Брейер промолчал. Он выглянул в окно фиакра и покачал головой.

«Давайте поставим вопрос иначе, — продолжал тем временем Ницше. — Разве не можете вы допустить, что вечное возвращение возможно ? Нет, подождите, мне не нужно даже это! Скажем просто, что оно возможно или только лишь возможно. Этого вполне достаточно. Несомненно, легче поверить в существование вечного повторения и доказать его, чем поверить в сказку о вечном проклятии! Что вы теряете, соглашаясь признать такую возможность? Сможете ли вы тогда думать об этом иначе как о «пари Ницше»?» Брейер кивнул.

«Тогда я настаиваю, чтобы вы подумали и о том, как вы можете использовать вечное возвращение в вашей собственной жизни — не абстрактно, но сегодня, сейчас, максимально конкретно!»

«Вы намекаете, — сказал Брейер, — что каждое мое действие, вся боль, которую я испытываю, — все это будет происходить со мной в бесконечности?»

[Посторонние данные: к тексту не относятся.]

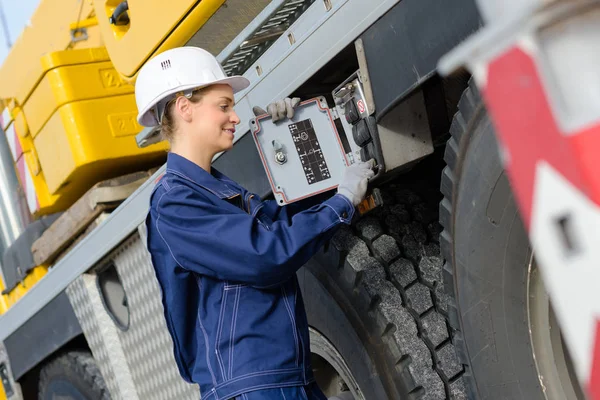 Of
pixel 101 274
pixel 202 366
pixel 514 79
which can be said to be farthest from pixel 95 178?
pixel 514 79

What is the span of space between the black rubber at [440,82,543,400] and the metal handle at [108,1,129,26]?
1669 millimetres

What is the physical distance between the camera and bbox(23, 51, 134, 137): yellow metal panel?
3979 mm

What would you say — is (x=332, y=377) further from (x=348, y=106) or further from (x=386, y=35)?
(x=386, y=35)

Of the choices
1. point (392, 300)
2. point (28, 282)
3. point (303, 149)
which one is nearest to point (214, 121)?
point (303, 149)

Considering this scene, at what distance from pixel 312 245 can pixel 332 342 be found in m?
0.67

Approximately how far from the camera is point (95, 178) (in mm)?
4133

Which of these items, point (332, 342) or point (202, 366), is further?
point (332, 342)

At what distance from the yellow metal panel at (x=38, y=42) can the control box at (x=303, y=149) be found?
1680mm

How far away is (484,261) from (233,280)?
0.64 m

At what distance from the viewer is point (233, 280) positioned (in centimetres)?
250

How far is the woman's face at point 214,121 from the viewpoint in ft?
8.82

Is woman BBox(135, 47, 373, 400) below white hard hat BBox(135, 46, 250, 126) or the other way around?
below

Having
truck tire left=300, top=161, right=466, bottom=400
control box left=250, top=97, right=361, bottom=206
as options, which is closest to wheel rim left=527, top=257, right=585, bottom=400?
truck tire left=300, top=161, right=466, bottom=400

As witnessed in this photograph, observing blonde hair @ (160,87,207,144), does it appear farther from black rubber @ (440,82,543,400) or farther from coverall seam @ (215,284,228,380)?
black rubber @ (440,82,543,400) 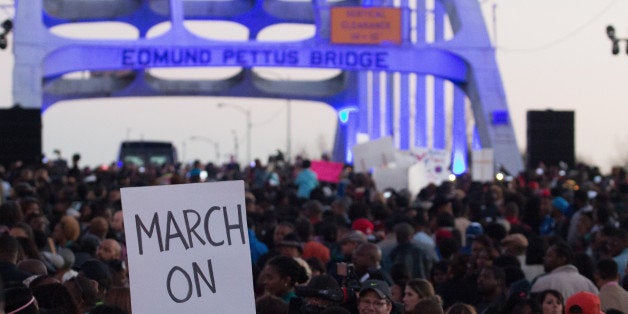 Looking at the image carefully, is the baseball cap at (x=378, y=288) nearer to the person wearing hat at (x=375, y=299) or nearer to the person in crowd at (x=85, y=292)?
the person wearing hat at (x=375, y=299)

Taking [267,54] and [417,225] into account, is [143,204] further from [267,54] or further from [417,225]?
[267,54]

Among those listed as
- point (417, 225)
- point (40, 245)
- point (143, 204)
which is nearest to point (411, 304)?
point (143, 204)

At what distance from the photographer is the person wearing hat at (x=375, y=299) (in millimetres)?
7281

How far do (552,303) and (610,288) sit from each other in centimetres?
124

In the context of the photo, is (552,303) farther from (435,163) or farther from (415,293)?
(435,163)

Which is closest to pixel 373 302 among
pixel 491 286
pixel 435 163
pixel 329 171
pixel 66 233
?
pixel 491 286

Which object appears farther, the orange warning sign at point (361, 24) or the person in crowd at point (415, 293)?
the orange warning sign at point (361, 24)

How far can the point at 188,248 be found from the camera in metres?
5.71

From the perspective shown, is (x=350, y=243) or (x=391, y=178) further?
(x=391, y=178)

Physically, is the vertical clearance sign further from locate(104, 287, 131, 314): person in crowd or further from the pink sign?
the pink sign

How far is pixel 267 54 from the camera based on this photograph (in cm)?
3978

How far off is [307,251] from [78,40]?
29.8 meters

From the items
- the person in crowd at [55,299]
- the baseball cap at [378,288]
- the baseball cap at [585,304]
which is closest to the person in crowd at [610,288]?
the baseball cap at [585,304]

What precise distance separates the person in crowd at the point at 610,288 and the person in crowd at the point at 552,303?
1012mm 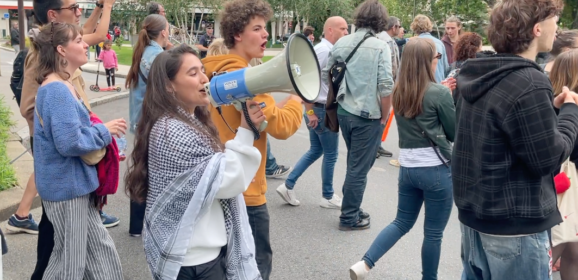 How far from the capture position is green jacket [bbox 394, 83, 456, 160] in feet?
11.4

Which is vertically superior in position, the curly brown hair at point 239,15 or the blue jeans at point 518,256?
the curly brown hair at point 239,15

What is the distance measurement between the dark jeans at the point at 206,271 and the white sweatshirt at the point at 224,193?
0.02 meters

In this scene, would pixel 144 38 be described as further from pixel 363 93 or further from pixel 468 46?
pixel 468 46

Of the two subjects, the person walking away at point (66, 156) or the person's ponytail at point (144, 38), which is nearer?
the person walking away at point (66, 156)

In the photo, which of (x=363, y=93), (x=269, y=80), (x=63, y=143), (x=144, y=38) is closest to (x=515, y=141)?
(x=269, y=80)

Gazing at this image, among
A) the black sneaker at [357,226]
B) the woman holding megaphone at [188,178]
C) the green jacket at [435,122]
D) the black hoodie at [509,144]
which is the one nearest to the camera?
the black hoodie at [509,144]

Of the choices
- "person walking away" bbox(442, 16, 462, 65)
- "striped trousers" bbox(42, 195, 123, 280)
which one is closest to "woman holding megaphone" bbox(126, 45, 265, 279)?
"striped trousers" bbox(42, 195, 123, 280)

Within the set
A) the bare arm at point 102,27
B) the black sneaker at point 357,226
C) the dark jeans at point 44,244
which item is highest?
the bare arm at point 102,27

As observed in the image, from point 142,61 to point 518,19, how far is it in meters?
3.26

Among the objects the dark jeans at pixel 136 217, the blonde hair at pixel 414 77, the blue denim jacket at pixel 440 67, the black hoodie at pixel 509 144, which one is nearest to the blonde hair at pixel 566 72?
the blonde hair at pixel 414 77

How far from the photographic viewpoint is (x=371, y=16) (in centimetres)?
465

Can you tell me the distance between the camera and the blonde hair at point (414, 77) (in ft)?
11.5

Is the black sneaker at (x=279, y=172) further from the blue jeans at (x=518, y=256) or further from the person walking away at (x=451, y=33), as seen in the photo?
the blue jeans at (x=518, y=256)

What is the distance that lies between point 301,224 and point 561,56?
2.62 m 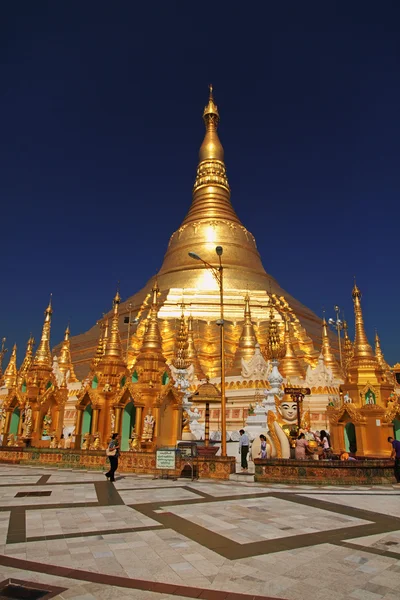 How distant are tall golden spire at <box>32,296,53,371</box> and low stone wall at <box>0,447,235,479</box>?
17.2 feet

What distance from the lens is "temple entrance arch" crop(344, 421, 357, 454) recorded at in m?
20.4

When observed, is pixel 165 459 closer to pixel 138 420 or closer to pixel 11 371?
pixel 138 420

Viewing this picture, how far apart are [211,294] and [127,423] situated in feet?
73.4

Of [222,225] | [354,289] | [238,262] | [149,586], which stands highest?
[222,225]

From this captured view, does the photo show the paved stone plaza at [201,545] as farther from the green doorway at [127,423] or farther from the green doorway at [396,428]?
the green doorway at [396,428]

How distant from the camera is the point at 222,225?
46875mm

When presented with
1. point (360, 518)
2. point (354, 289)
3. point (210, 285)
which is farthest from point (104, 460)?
point (210, 285)

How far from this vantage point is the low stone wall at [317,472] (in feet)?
40.1

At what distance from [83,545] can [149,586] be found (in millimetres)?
1670

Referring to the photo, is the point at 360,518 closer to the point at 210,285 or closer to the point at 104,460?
the point at 104,460

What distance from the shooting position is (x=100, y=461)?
16.2 meters

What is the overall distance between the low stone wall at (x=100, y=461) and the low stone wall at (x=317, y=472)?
4.65ft

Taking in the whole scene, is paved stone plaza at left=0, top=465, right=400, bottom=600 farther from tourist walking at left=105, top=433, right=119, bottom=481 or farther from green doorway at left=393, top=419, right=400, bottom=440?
green doorway at left=393, top=419, right=400, bottom=440

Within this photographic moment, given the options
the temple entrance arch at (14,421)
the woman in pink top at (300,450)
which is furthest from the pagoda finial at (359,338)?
the temple entrance arch at (14,421) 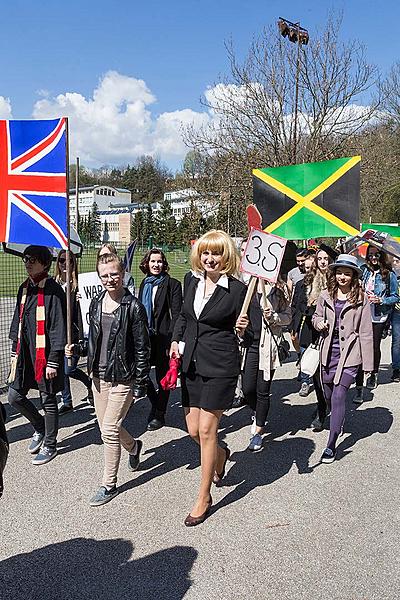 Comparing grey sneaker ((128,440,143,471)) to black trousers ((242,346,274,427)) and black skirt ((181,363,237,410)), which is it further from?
black trousers ((242,346,274,427))

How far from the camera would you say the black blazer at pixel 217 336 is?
12.5ft

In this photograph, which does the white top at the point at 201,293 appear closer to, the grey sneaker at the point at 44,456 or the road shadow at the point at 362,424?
the grey sneaker at the point at 44,456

«Да, вечное возвращение предполагает, что любое действие, которое вы выбираете, вы должны быть готовы избрать для себя на вечность. Это же утверждение справедливо и для любого несовершенного действия, для любой мертворожденной мысли, для любой не избранной вами альтернативы. И вся не прожитая вами жизнь останется наростом внутри вас — жизнь, которую вы никогда уже не сможете прожить. И не услышанный вами голос совести будет вечно взывать к вам».

Брейер был полностью сбит с толку; ему было трудно слушать. Он попытался сосредоточиться на массивных усах Ницше, ползущих вверх и вниз на каждом слове. Так как он не мог видеть рот и губы Ницше, он не мог предугадать, что скажет его собеседник. Иногда Брейер перехватывал взгляд Ницше, но, заглянув в эти колючие глаза, переходил на мясистый, мощный нос или вверх, на густые нависающие брови, которые были похожи на надглазные усы.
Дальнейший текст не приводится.